TASK STATEMENT:
Of the lines below, write out exactly those from the line with "Usado Mercedes C220" through the line with "CHO THUÊ NHÀ", both included, and skip the rest.

THE INPUT:
┌──

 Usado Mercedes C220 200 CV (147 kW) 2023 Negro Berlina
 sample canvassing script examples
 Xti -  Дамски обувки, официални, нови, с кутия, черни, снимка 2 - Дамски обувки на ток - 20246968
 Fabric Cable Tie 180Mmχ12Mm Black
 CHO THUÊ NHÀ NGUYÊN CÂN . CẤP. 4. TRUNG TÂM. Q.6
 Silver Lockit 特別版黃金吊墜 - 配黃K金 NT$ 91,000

└──
┌──

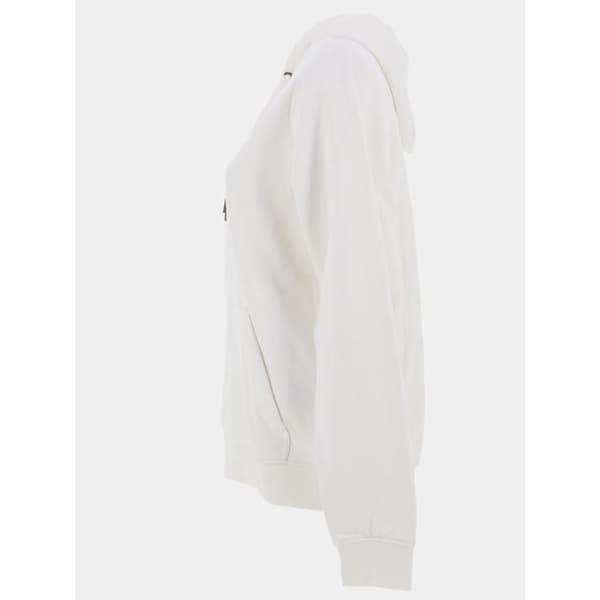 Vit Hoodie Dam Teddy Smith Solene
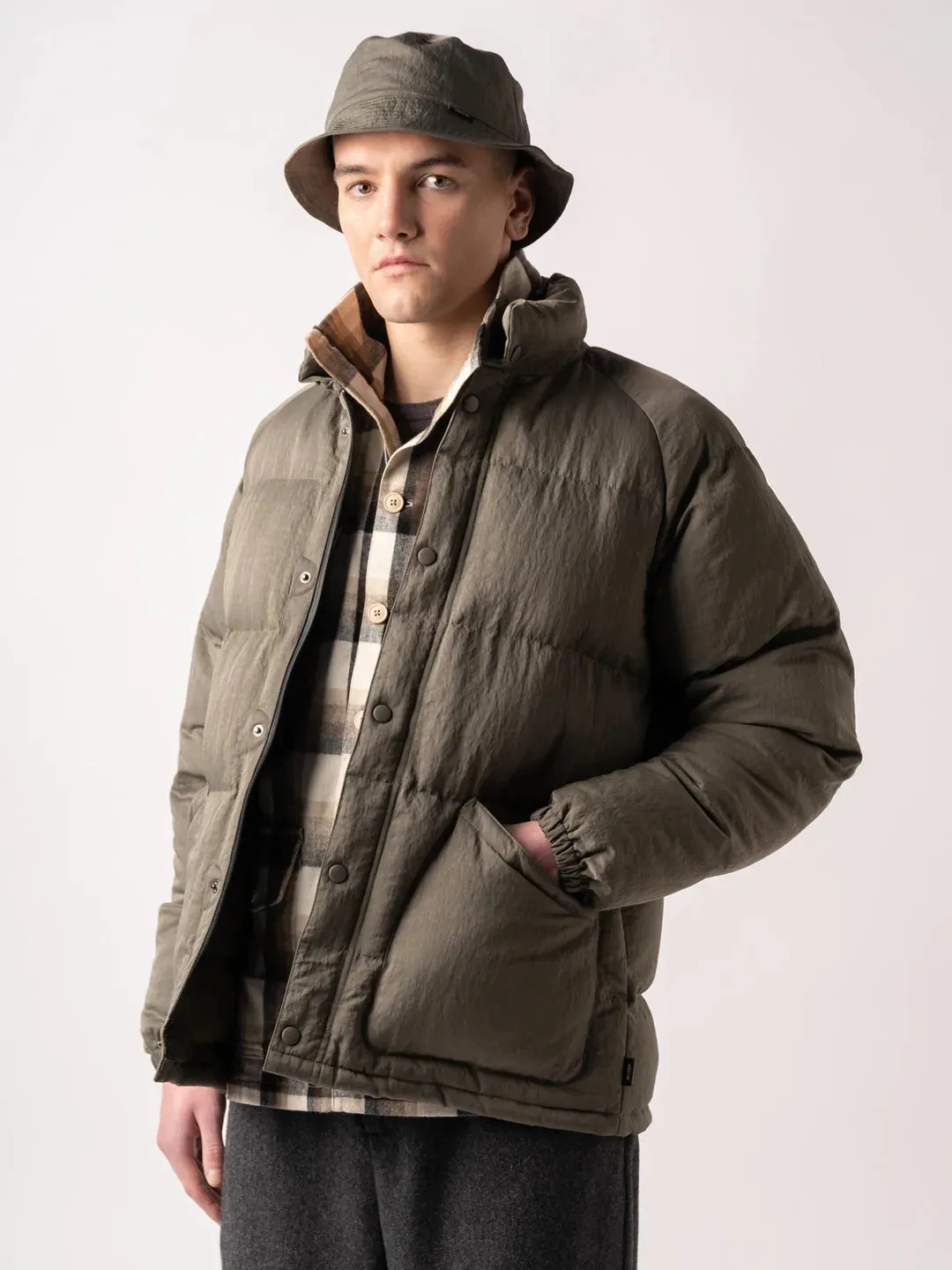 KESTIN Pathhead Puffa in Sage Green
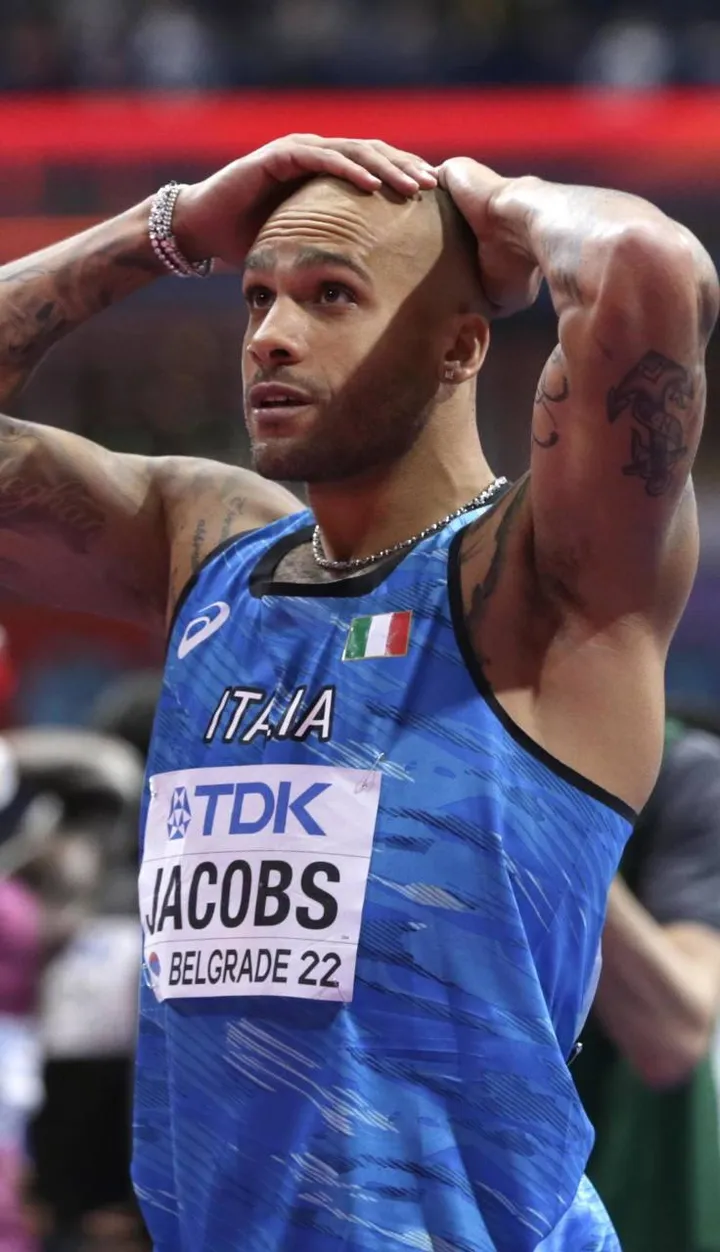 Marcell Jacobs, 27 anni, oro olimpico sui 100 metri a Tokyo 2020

└──

EXERCISE RESULT:
 Usado Mercedes C220 200 CV (147 kW) 2023 Negro Berlina
 sample canvassing script examples
 Xti -  Дамски обувки, официални, нови, с кутия, черни, снимка 2 - Дамски обувки на ток - 20246968
 Fabric Cable Tie 180Mmχ12Mm Black
 CHO THUÊ NHÀ NGUYÊN CÂN . CẤP. 4. TRUNG TÂM. Q.6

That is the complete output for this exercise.